> _HOW TO COMPLETE THIS TASK_: Would you return, word for word, the lines running from the one with "Юный пешеход не" to the final line of the listing below, pictures omitted?

> _PROVIDED ENTRIES_:
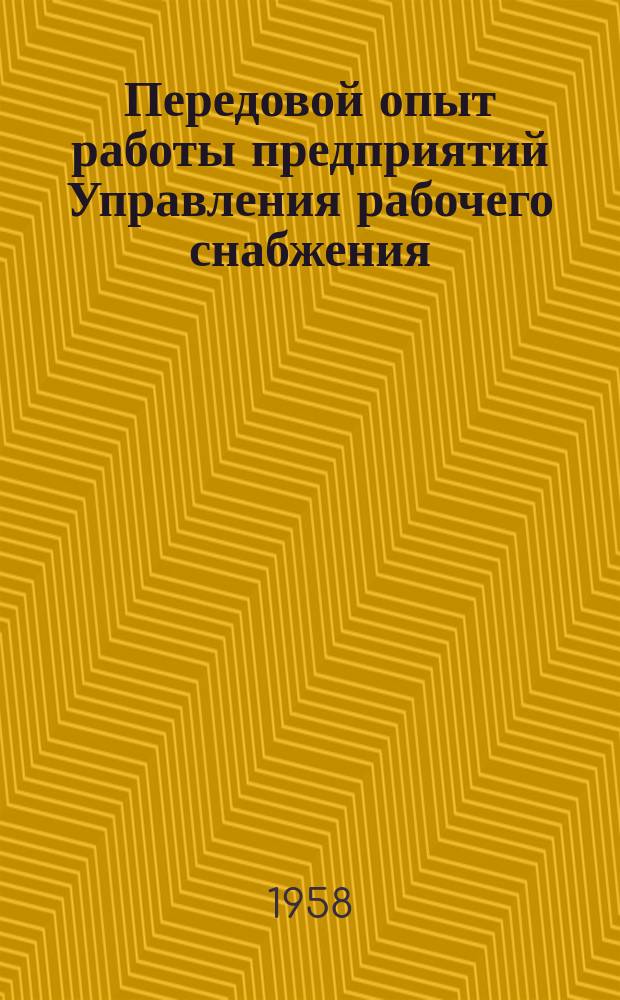 Передовой опыт работы предприятий Управления рабочего снабжения : Сборник статей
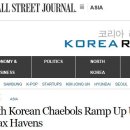 WSJ, 한국 재벌 조세피난처 법인 60프로 증가 이미지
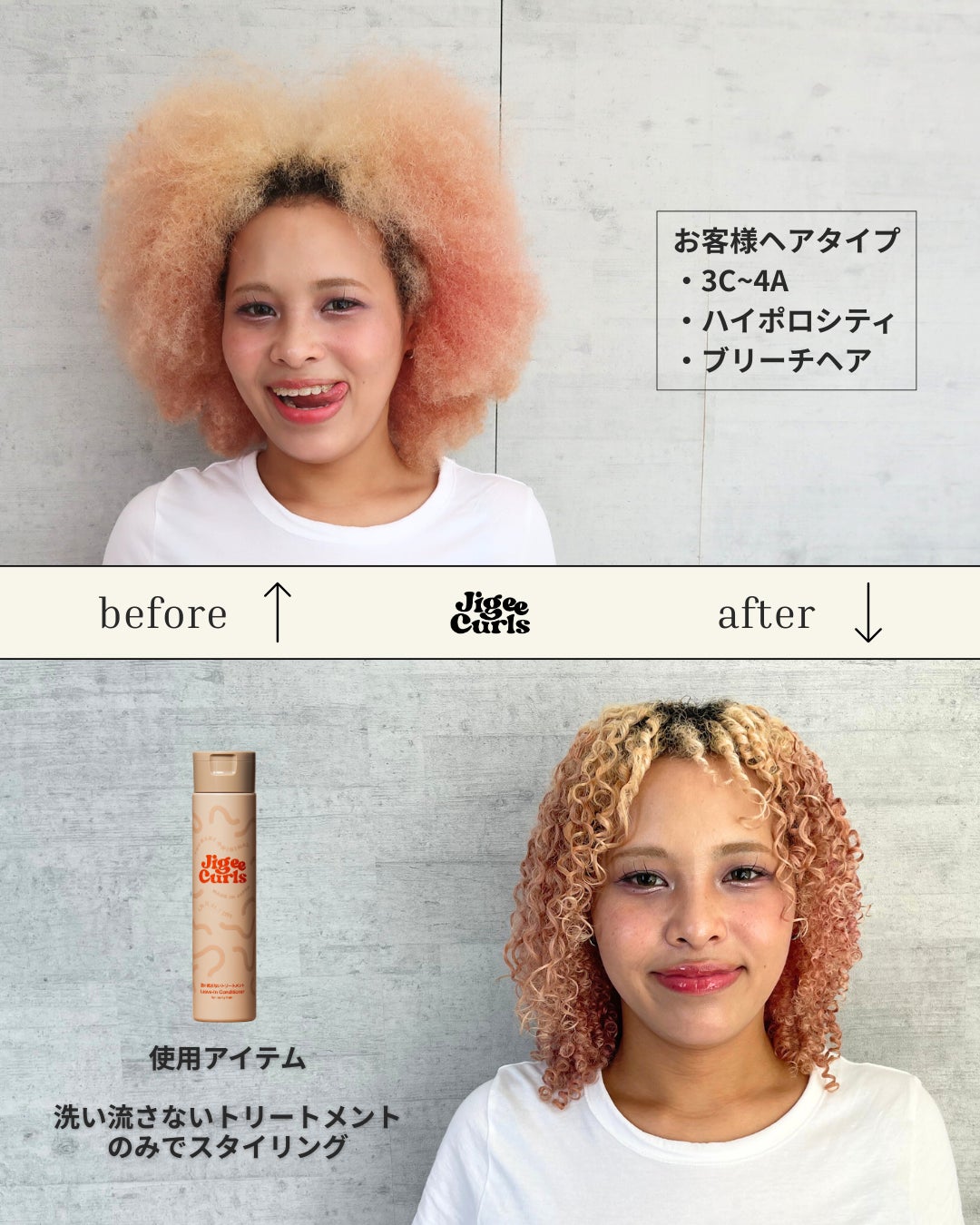 水分を閉じ込めしっとりまとまる。カーリーヘア・パーマ用洗い流さない
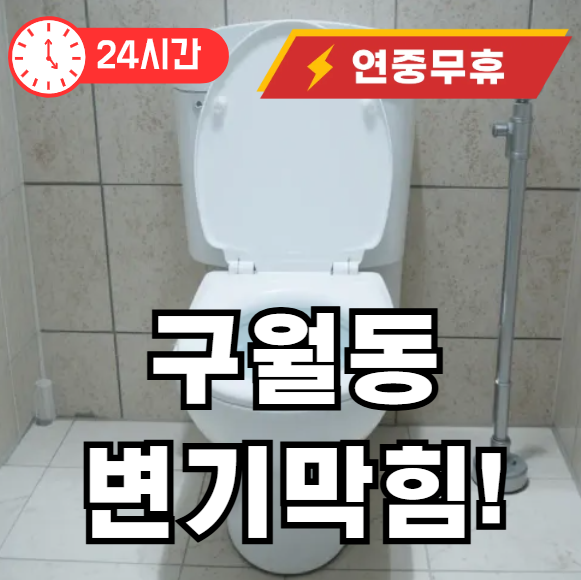 구월동 변기 막힘 뚫어드립니다
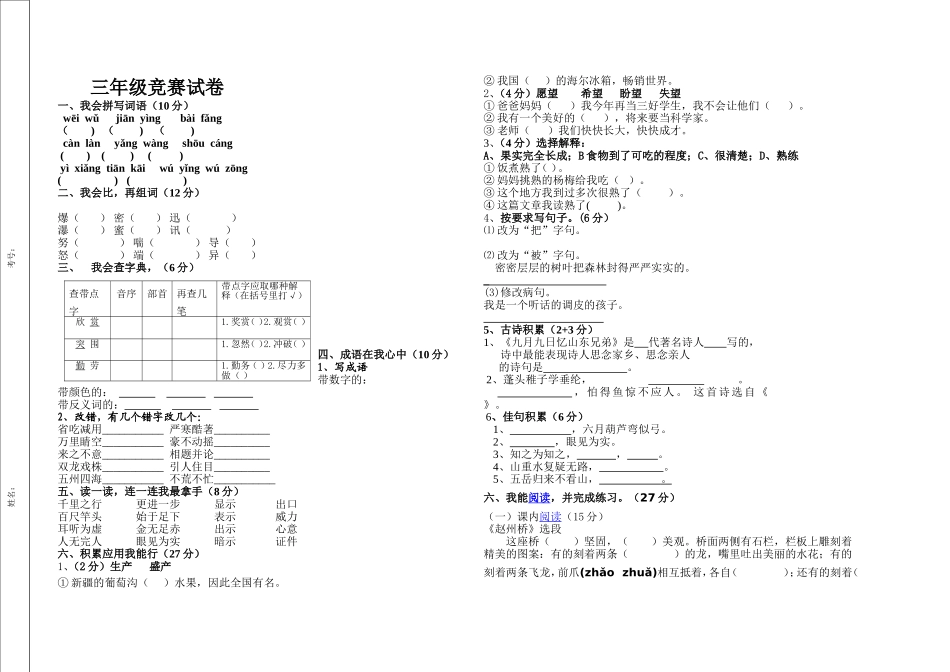 三年级竞赛试卷_第1页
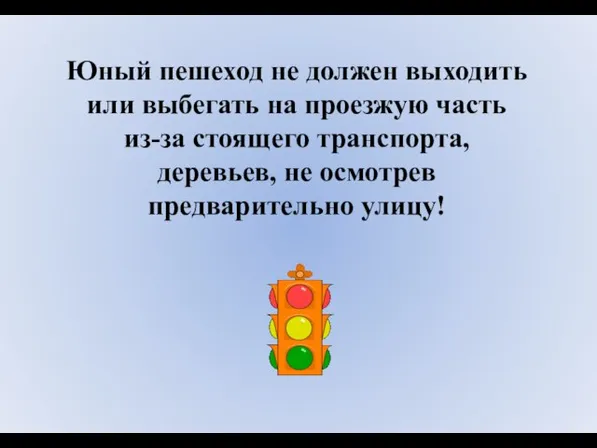 Юный пешеход не должен выходить или выбегать на проезжую часть из-за стоящего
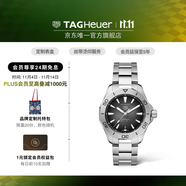 泰格豪雅TAG Heuer瑞士手表競潛系列日歷夜光防水男士機械腕表 WBP2110.BA0627
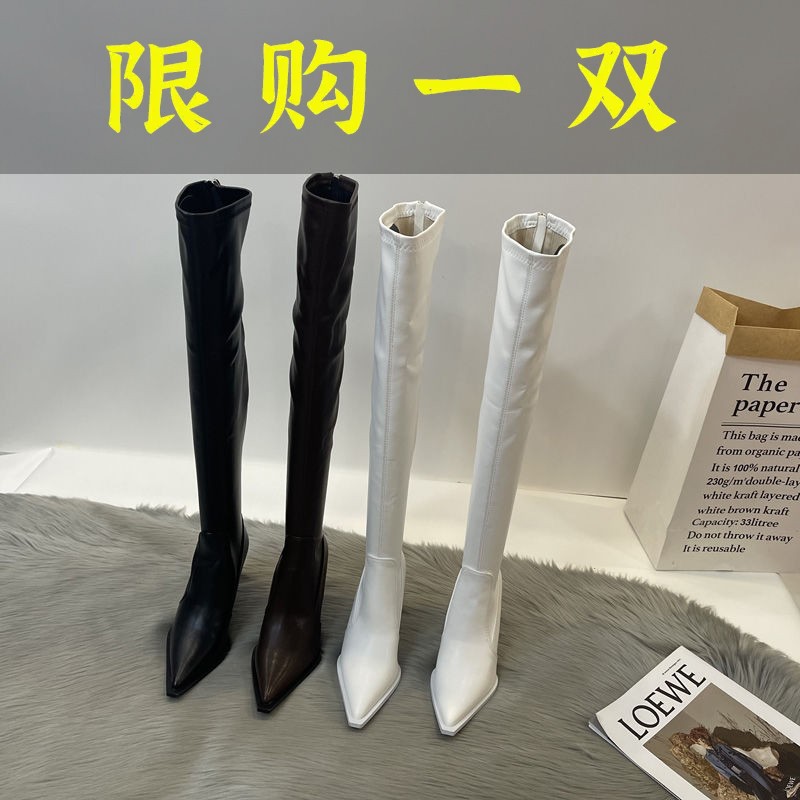 红蜻蜓牌白色长筒靴女2023年秋冬季新款高跟过膝超长靴子法式细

> _OUTPUT FOR THIS EXERCISE_:
 Юный пешеход не должен выходить или выбегать на проезжую часть из-за стоящего
 泰格豪雅TAG Heuer瑞士手表競潛系列日歷夜光防水男士機械腕表 WBP2110.BA0627
 红蜻蜓牌白色长筒靴女2023年秋冬季新款高跟过膝超长靴子法式细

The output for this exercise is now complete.